La letteratura epica punta a Nord-Ovest

Il nuovo romanzo di William T. Vollmann

La letteratura epica punta a Nord-Ovest

«Forse la vita è barattare le speranze coi ricordi»: è forse la frase che meglio sintetizza l'opera letteraria di William T. Vollmann (Santa Monica, 1959), lo scrittore americano che come pochi altri sta indagando tra le crepe morali di un'America che non ha mai fatto davvero i conti con la propria storia. Vollmann è un Jack London che ha incontrato l'Ovidio delle Metamorfosi: uno scrittore che come London ha vissuto tutto ciò che racconta, dalle spedizioni artiche alle indagini esistenziali in prima persona su quel «popolo degli abissi» fatto di vagabondi e prostitute, animato dalla stessa forza di farci comprendere come «il paesaggio che ci circonda non è che l'ombra del nostro paesaggio interiore».
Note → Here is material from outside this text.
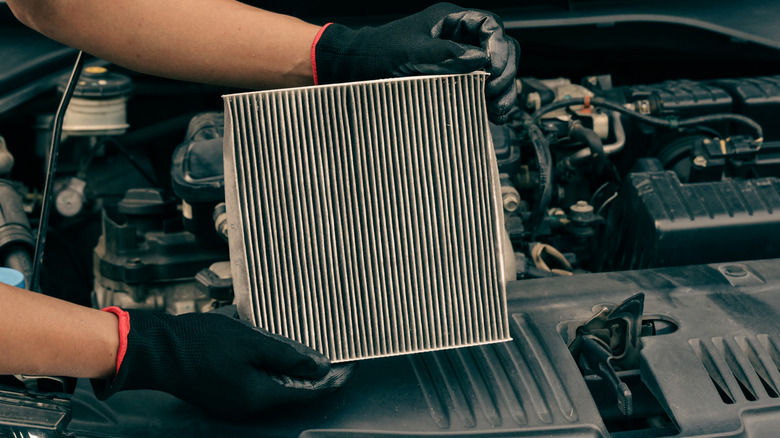 Mechanic holding a dirty air filter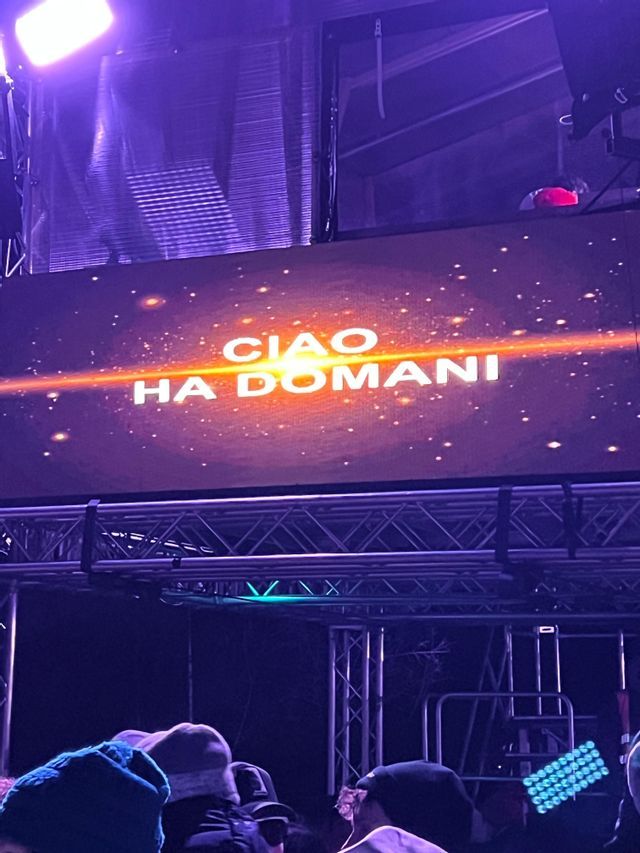 Un grand écran lors d&#39;un événement nocturne affiche le texte « CIAO HA DOMANI » sur un fond violet et cosmique, monté sur une structure de scène en métal.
Al contempo Vollmann è anche il Melville di Moby Dick, solo che lui è sia il Capitano Achab che la balena bianca. Uno scrittore tormentato, che ha dato tutto alla letteratura: tanto da vivere a Sacramento, in un ufficio ricavato da un ex ristorante affacciato su un piazzale abbandonato; tanto da percorrere come giornalista le strade di guerra della Somalia, della Bosnia; poi in Cambogia, sulle tracce del dittatore Pol Pot, nel Triangolo d'oro del Sud-est asiatico alla ricerca dei Signori dell'oppio. Volmann ha fumato crack, si è iniettato eroina, ha comprato una bambina prostituta in Thailandia riscattandola da una morte certa (oggi va a scuola negli Usa).

Vincitore nel 2005 del «National Book Award» con Europe Central (Mondadori), romanzo epopea sulla Seconda guerra mondiale, la sua opera maggiormente ambiziosa è quella dei romanzi dei «Sette-Sogni»: una storia simbolica sul Nord America e sui rapporti tra i pionieri di origine europea e i nativi americani. Ora da noi ritorna il sesto dei sette sogni: I fucili (minimun fax, pagg. 492, euro 19; trad. C. Mennella) che ricostruisce la spedizione dell'esploratore inglese John Franklin alla ricerca del «passaggio a Nord-ovest»: la rotta che collega Atlantico e Pacifico, con la conseguente introduzione delle armi da fuoco e lo «spostamento forzato delle tribù inuit» per gli interessi commerciali europei che in realtà fu «una deportazione» con conseguenze come abusi sessuali, alcolismo, violenza, droga... I fucili è il miglior viatico per immergersi nell'universo Vollmann perché Vollmann non ha paura di farci immergere le mani nel fango della Storia trasformandola in un'epica dei vinti che tra queste pagine sono vittoriosi eroi dell'epica della sconfitta, di quella grande avventura che è la scoperta di vivere.

Vollmann è senza dubbio tra i grandi scrittori americani contemporanei: si nasconde, come Denis Johnson e Richard Powers, in una trama solo apparentemente complicata: eppure è impossibile che lo sia, perché è come vorremmo scrivere se tutti scrivessimo, è come vorremmo leggere se tutti leggessimo. Dietro la «storia simbolica» che racconta ci siamo noi, quella storia che è nostra ma che lasciamo raccontare ai libri di scuola.

Tutto raccontato attraverso una prosa che impressiona per la varietà dei registri narrativi: dal barocco al colloquiale dall'erudizione enciclopedica al flusso di ispirazione jazzistica e beat.